The special election, which will take place only if state lawmakers approve Dolphins-backed legislation, was the first of several hard-fought concessions the Dolphins would make at the request of Miami-Dade Mayor Carlos Gimenez in closed-door negotiations. Crucial details, including how much the county would pay and for how long, were not resolved until the last, dramatic two-day marathon negotiation session, according to dealmakers from both sides, who over the past two weeks recounted how the final agreement came together.

They negotiated under the political weight of recent history. The controversial deal to publicly finance most of the Miami Marlins’ new ballpark, approved without a popular vote, loomed over the talks. The Dolphins, who tried to avoid comparisons to the Marlins, and Gimenez, who doggedly opposed the baseball deal, vowed this time would be different.

In the end, the county agreed to hike the mainland hotel-tax rate to 7 percent from 6 percent and to pay the Dolphins up to $289 million over 26 years. In return, the Dolphins agreed to repay at least $112 million after 30 years, to be on the hook for up to $120 million in penalties if the stadium fails to host a certain number of major sporting events and to remain in Miami-Dade for the next three decades. If the National Football League doesn’t award Sun Life a Super Bowl next month, the entire agreement is off.

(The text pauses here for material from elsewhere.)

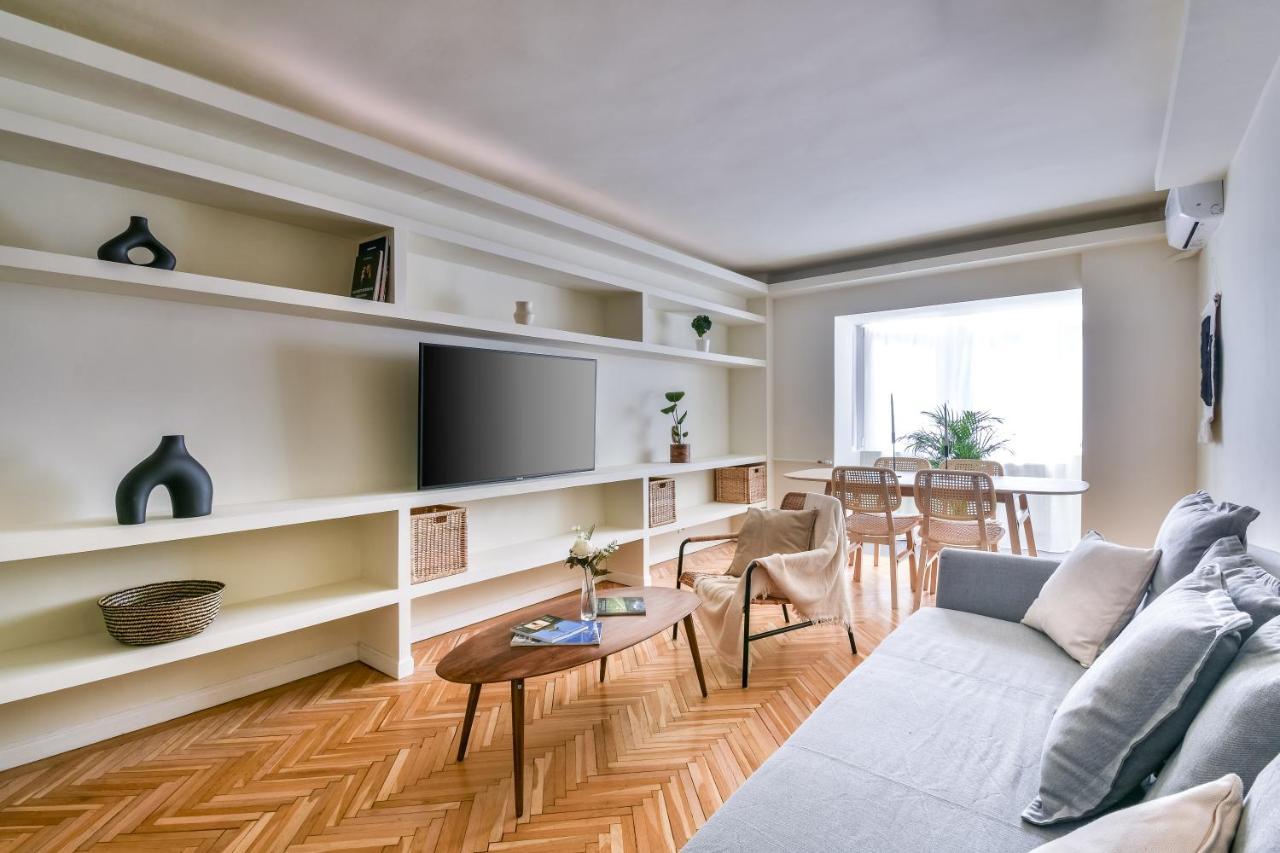 Unirii Center By Olala Homes *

It began with the referendum — a condition Gimenez, after being asked by commissioners to sit down with the team, required before negotiations could proceed. The Dolphins, in what appeared like a strategic move to avoid the ballot box, had thought there would not be enough time to advertise and prepare an election by their self-imposed Super Bowl award deadline. But there was, because public notice for countywide elections that do not involve state or federal campaigns requires a mere 30 days — instead of 45 or 60, as the Dolphins expected.

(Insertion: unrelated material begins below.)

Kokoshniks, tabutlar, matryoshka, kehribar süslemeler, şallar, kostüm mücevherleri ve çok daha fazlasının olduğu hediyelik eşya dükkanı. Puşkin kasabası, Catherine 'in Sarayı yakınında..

The team agreed to the referendum in early February, with Dolphins CEO Mike Dee saying they were “never resistant” to the idea.

“We recognized the environment that was in place,” he told commissioners in April. “We recognized that the voters or the residents of Miami-Dade County had no appetite, no tolerance for anything that had taken place recently to happen again.”

THE TALKS BEGAN

Then the talks began in earnest. Miami-Dade hired financial and sports-facilities consultants. County staff toured the recesses of the stadium, where one Gimenez aide was unimpressed with its “tiny” kitchens.

A series of in-person sessions took place, mostly on Friday afternoons, in Gimenez’s offices on the 29th floor of County Hall. Ross, a billionaire real-estate developer whose business is based in New York, typically spends his weekends in South Florida.